One of my favorite collections of visualizations is a 1974 book titled Graphis Diagrams. Founded in 1944 to celebrate/promote communication design, this collection is the165th (special) issue of Graphis, edited by founder Walter Herdeg, The Artist in the Service of Science (almost as good a title to possess as Professor of Nonhumanities). In his foreword, Herdeg explains that the purpose of the book is
to show the designer how abstract facts or functions which cannot be simply depicted like natural objects may be given visual expression by suitable graphic transformation. It also reviews the means of visualizing physical and technical processes which are not perceptible to the eye.
The introduction, written by co-founder, senior vice president and creative director of Corporate Annual Reports, Inc. Leslie A. Segal, provides an interesting conversation about the synthesis of art and science in diagrams on the points of elegance, sincerity, complexity, and morality. My favorite pieces of the introduction:
In art as in science, a deceptively elegant statement may have value as a technical exercise; but as communication it is worse than no statement at all.
&
A bar chart is nothing but the skeleton of a story until the designer decides that it’s a message that should be shouted or whispered, or giggled, or just admitted.

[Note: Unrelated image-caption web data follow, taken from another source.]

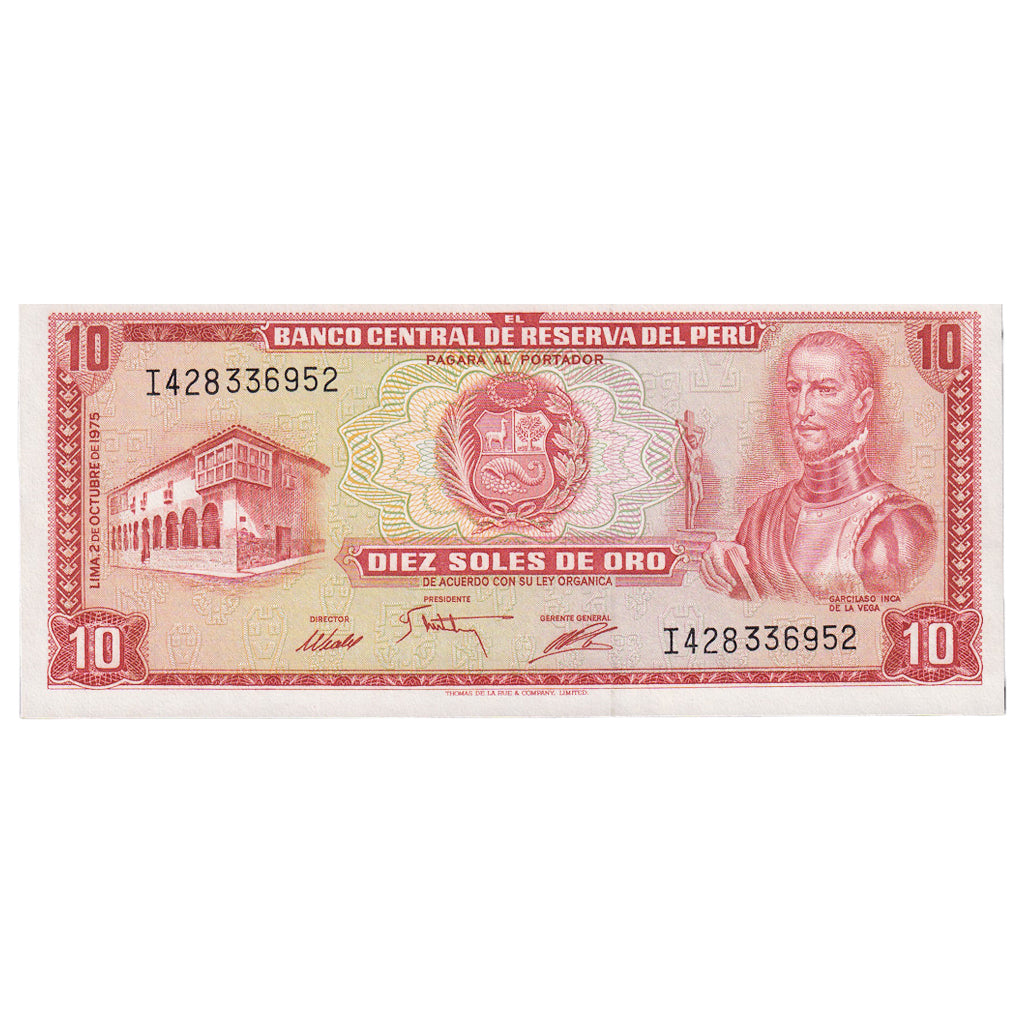 10 Soles De Oro, 1975, Perú, 1975-10-02, KM:106, UNC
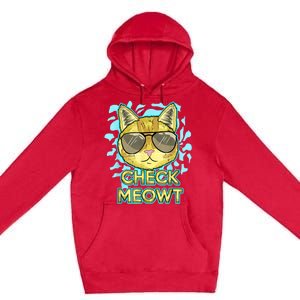 Funny Flirty Cat Pun Humor Cool Kitten Love Check Meowt Premium Pullover Hoodie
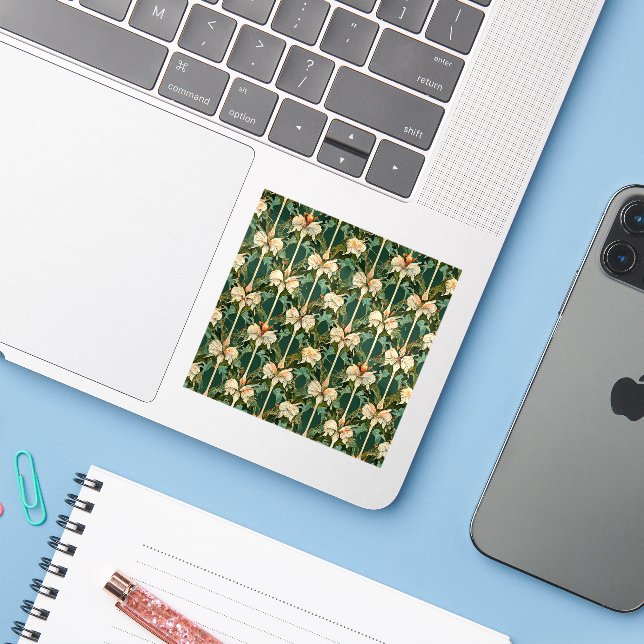 Repeating Botanical Patterns Sticker (Laptop w/ iPhone)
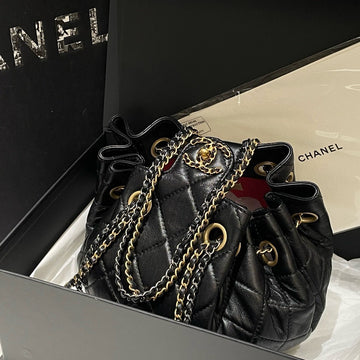 Unused Chanel 22c Bucket Bag Black Leather Designer Handbag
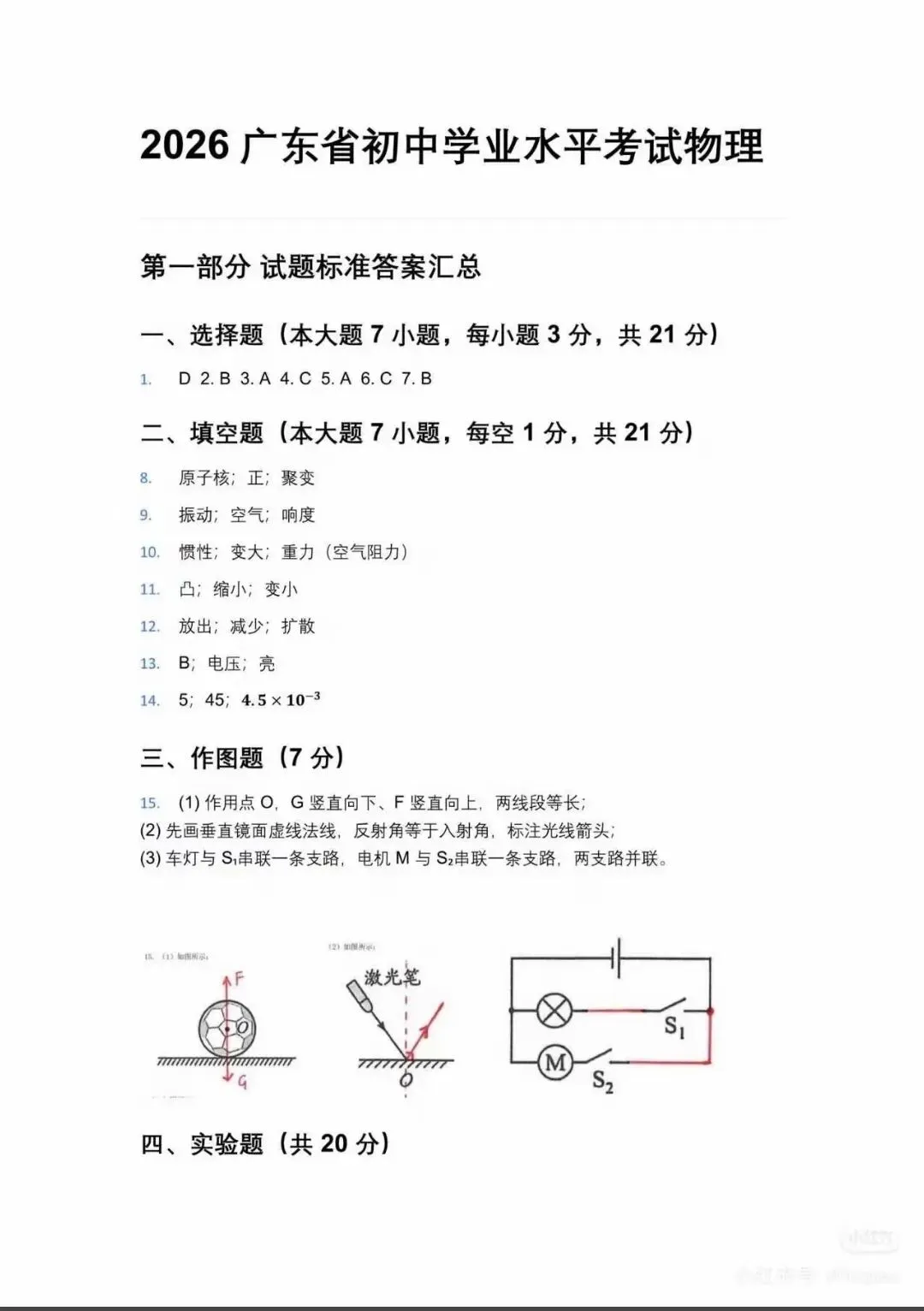 2026年广东省中考物理真题卷(答案)终于出来了-第10张图片-四季读书网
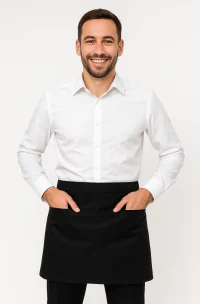 mandil corto negro poliester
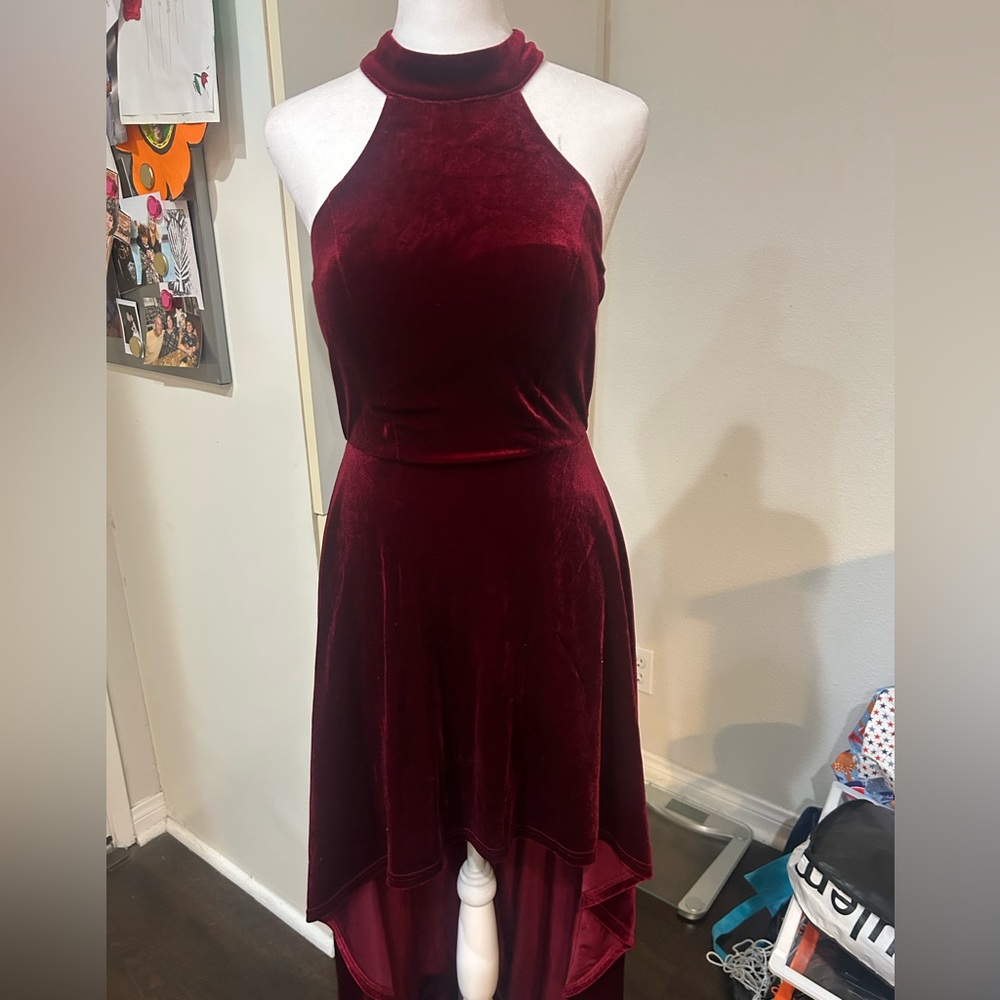 Deep red velvet high low dress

Of the 177 diagram filled pages, it is difficult to choose only five, but here are the five diagrams that always give me pause when flipping through:
the graphic visualization of abstract data
one
Experimental digital map of Africa. It consists of four transparent sheets…and one basic outline map of the continent. Taking as the centre the basic latitude and longitude, mesh patterns were spread out in all directions at intervals of 150 km, and the data which were previously prepared were indicated at the intersections of the meshes. This made it possible to discover constantly what changes were undergone by each of the sheets at the same point under the same conditions.
two
Diagram from an article on colour perception…The dots represent the degree of perceptibility of certain colours on a given background colour.
three
Three stages in the development of a thunderstorm: 1. Thermal imbalance in a thunderhead. 2. Build-up of electrical tension. 3. Equilibrium restored.
four
Diagram of a cut-out view into the invisible belt of charged particles that embrace the planet Jupiter. The planet itself is sectioned to show that Jupiter’s temperature rises towards the centre (indicated by colour) and also to show that it may have no detectable solid surface inside its atmosphere. The difference between the axis of rotation and the magnetic axis is also indicated.
five
Pictorial flow diagram explaining the functions of the human circulatory system.
These are a few of many visualizations that make me curious to see. That make me embrace what I used to understand of myself as “scatterbrain”. That make me think of my dad’s Post-It schematics and what my grandfather would design from the daily statistics he collects from newspapers if he had his own computer. That make me question vision, sensation, and how I know.